Direktur Teknik Tugu Insurance Fadlil Iswahyudi menegaskan asuransi yang mereka sediakan hanya bisa diklaim jika kapal mengalami kerusakan material akibat serangan langsung dalam perang.
“Basically perang itu nggak di-cover kecuali kalau sampai ada torpedo, drone, atau kena bom,” kata Fadlil.

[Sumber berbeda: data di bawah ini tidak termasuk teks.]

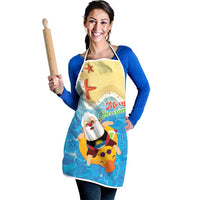 Antigua and Barbuda Christmas Apron Chilling Santa - Wonder Print Shop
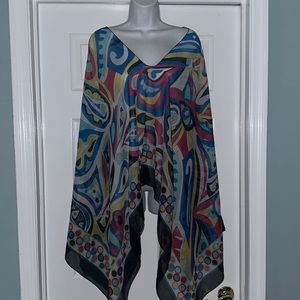 Poncho colorful sheer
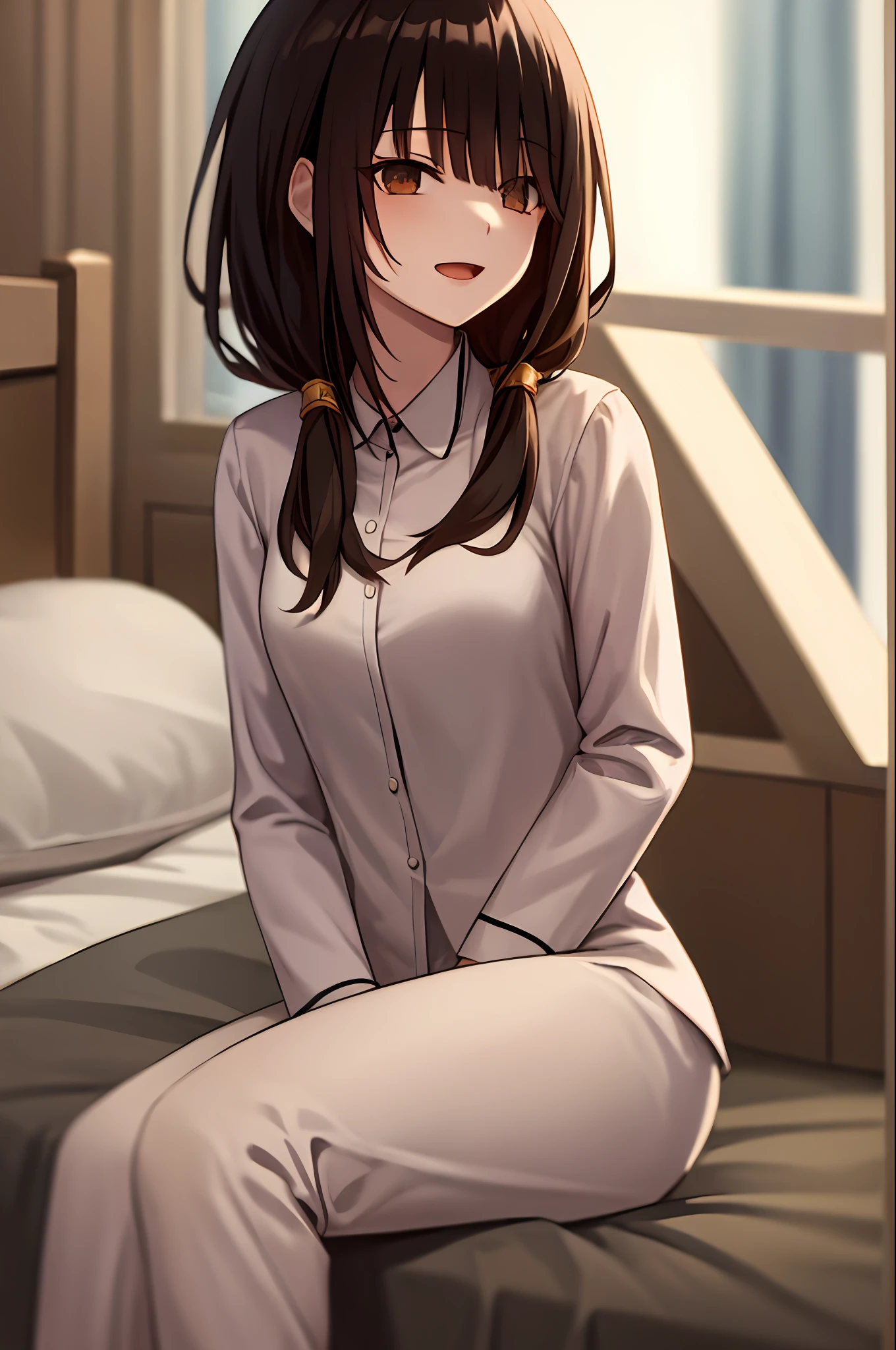 best quality, (masterpiece:1.2), highly detailed, indoors, bed, table, 1girl, solo, tokisaki kurumi, looking at the viewer, medium breasts, slight smile, open mouth, eyes, brown hair, long hair, pajamas, long sleeves, blue pants, sitting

Presiden Direktur Tugu Insurance Adi Pramana menegaskan pihaknya terus berkoordinasi aktif dengan Pertamina untuk memantau perkembangan situasi kedua kapal tersebut dan berharap keduanya bisa segera pulang.
Baca Juga : Dua Kapal RI Masih Tertahan di Selat Hormuz, Pemerintah Genjot Diplomasi
“Kami selalu berkoordinasi dengan Pertamina kondisi situasinya seperti apa. Semoga ini bisa cepat kembali,” ujar Adi dalam keterangan resmi di Jakarta.

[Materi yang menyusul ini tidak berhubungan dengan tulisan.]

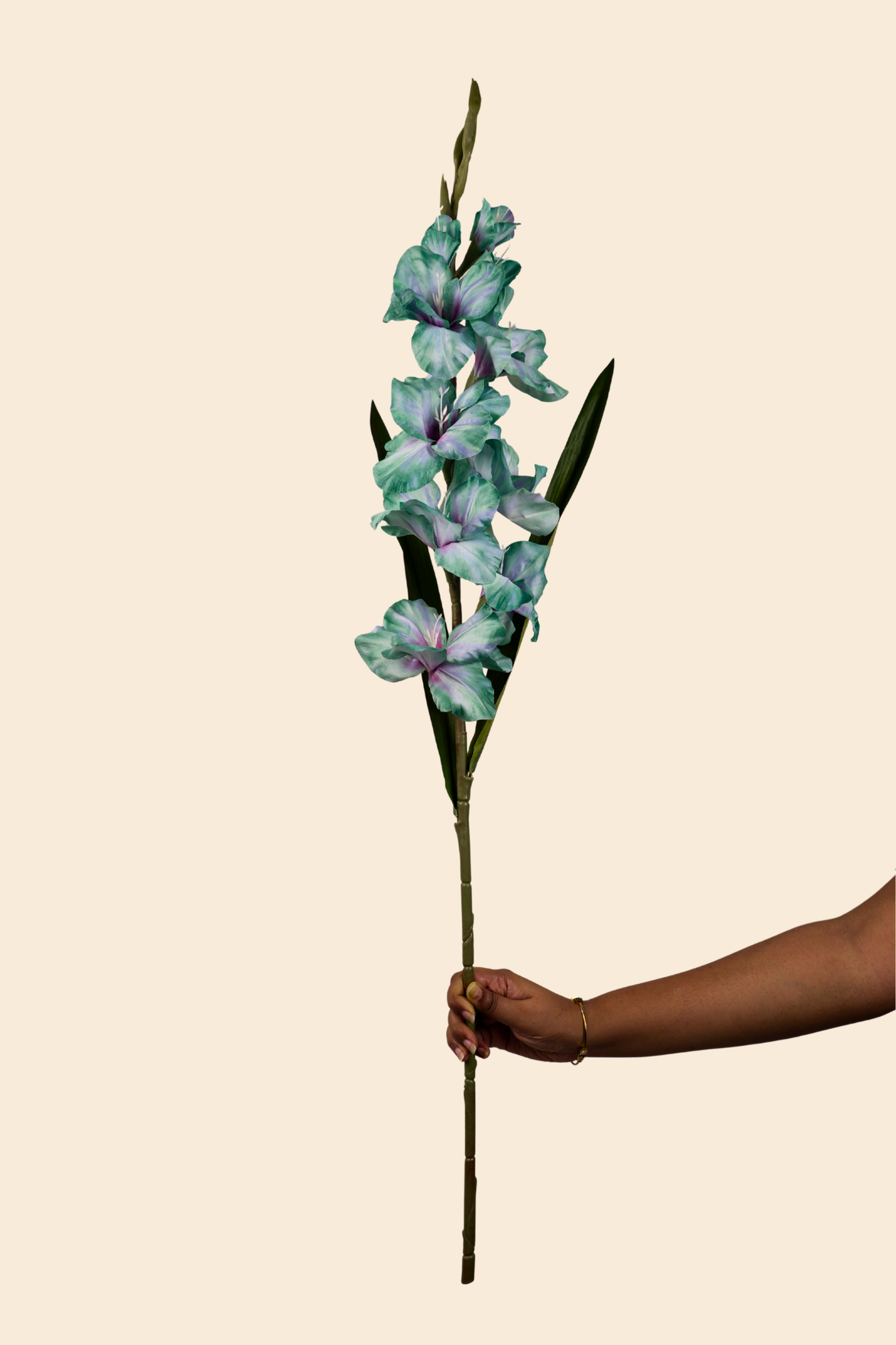 Faux Gladiolus Sword Lily Charming Flower Stem - Turqoise Blue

Adi mengakui eskalasi perang di Timur Tengah memaksa pihaknya menaikkan premi asuransi untuk kapal-kapal yang melintas di kawasan tersebut meski ia menegaskan dukungan penuh kepada pemerintah untuk membebaskan kedua kapal.
“Untuk perang ini pasti ada sedikit peningkatan risiko jadi ada sedikit penambahan premi. Kami benar-benar support pemerintah full effort untuk membawa kapal tersebut kembali ke Indonesia,” ucap Adi.
Menteri ESDM Bahlil Lahadalia sebelumnya menyebut pemerintah masih terus membangun komunikasi dengan pihak terkait dan berharap jeda gencatan senjata dua pekan yang berlaku saat ini bisa dimanfaatkan untuk menemukan jalan keluar bagi kedua kapal.
“Dengan adanya jeda dua minggu dari eskalasi di Timur Tengah mudah-mudahan bisa cepat selesai,” kata Bahlil di Jakarta, Rabu (8/4/2026). (Sin/Ri)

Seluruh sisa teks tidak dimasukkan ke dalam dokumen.